Scandale en Irlande : les bébés du péché
Pendant des décennies, des milliers d’enfants ont été arrachés aux filles-mères irlandaises, avec la complicité du clergé, et livrés à l’adoption. Voire bien pire… Ce dimanche à 17h20 sur Arte, découvrez l’histoire de Philomena Lee dans le documentaire «D’après une histoire vraie».
Noël 2003. Philomena Lee, 70 ans, célèbre le réveillon en famille. Un peu éméchée, elle avoue à ses enfants son douloureux secret : quelque part, ils ont un frère aîné… Orpheline de mère à 6 ans, Philomena est envoyée dans un couvent pour poursuivre sa scolarité. À 18 ans, lors d’une foire, elle rencontre un homme, il lui offre une pomme d’amour et une chose en entraînant une autre…
Philomena, ignorante en matière d’éducation sexuelle, tombe enceinte.
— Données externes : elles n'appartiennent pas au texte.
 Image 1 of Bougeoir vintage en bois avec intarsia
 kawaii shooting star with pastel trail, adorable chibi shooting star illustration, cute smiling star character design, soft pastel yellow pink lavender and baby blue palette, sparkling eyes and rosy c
Dans l’Irlande ultraconservatrice du milieu du XXe siècle, concevoir un bébé hors mariage est un terrible scandale. La jeune fille est envoyée à l’abbaye de Sean Ross, à Roscrea, dans le comté de Tipperary.
Abandon forcé
Le 5 juillet 1952, sans médecin ni antidouleur, elle donne naissance au petit Anthony. Sous l’œil sévère des religieuses qui leur rappellent constamment qu’elles ont commis un péché mortel, les jeunes mamans travaillent sans relâche à l’entretien de l’abbaye. Et ne profitent qu’une heure par jour de leur bébé. Le seul moyen pour elles de quitter ce lieu ? L’adoption de leur enfant.
C’est pour adopter une petite fille que Marge Hess arrive à Sean Ross. Mais elle ne peut se résoudre à l’éloigner d’Anthony, les bambins étant inséparables. Philomena est contrainte de signer un document sans pouvoir le lire. En une seconde, elle vient d’abandonner son fils de 3 ans et de renoncer à le rechercher. Anthony, renommé Michael, s’envole pour les États-Unis. Comme 96 % des enfants adoptés à Sean Ross.
Secret honteux
Philomena déménage en Angleterre, devient infirmière, se marie et a des enfants. Mais l’Irlandaise se souvient, en silence. Jusqu’à ce fameux soir de 2003. Bouleversée par son récit, sa fille contacte un journaliste, Martin Sixsmith, dans l’espoir qu’il les aide à retrouver ce frère disparu.
Rapidement, il découvre que cette histoire est loin d’être un cas isolé. «Philomena n’était qu’une des milliers de femmes envoyées dans des couvents (…) parce que l’Église catholique romaine avait déclaré que les mères célibataires étaient des dégénérées morales», écrit-il dans le Daily Mail. Et l’histoire est encore plus sombre…
Enquête glaçante
«Je m’excuse pour le tort générationnel profond infligé aux mères irlandaises et à leurs enfants qui se sont retrouvés dans un foyer pour mère et enfant.» Début janvier 2021, au lendemain de la publication d’un rapport de 3.000 pages, fruit d’une enquête de cinq ans, Micheál Martin, Premier ministre irlandais, présente des excuses historiques.
En 2014, l’historienne Catherine Corless a découvert que sur près de 800 enfants décédés dans l’ancien foyer catholique de Tuam, un seul a bénéficié d’une sépulture chrétienne. Les autres n’ont eu droit qu’à une fosse commune. L’indignation suscitée permet l’ouverture d’une Commission d’enquête.
Au cours de la période 1922-1998, 57.000 bébés sont nés dans les dix-huit centres étudiés. 9.000 d’entre eux ont perdu la vie. Soit un affolant taux de mortalité de 15 %. L’enquête a aussi révélé que des essais de vaccins y avaient été réalisés.
Pas assez
Les excuses ne satisfont pas tout le monde. Certaines survivantes, dont Philomena, ont entamé des procédures judiciaires contre le Gouvernement. Estimant être identifiables dans le rapport, elles auraient dû bénéficier d’un droit de réponse avant sa publication. Mais en ont été privées. Elles reprochent notamment au rapport de prétendre que leur internement, leur travail et l’adoption de leur enfant n’ont pas été faits sous la contrainte.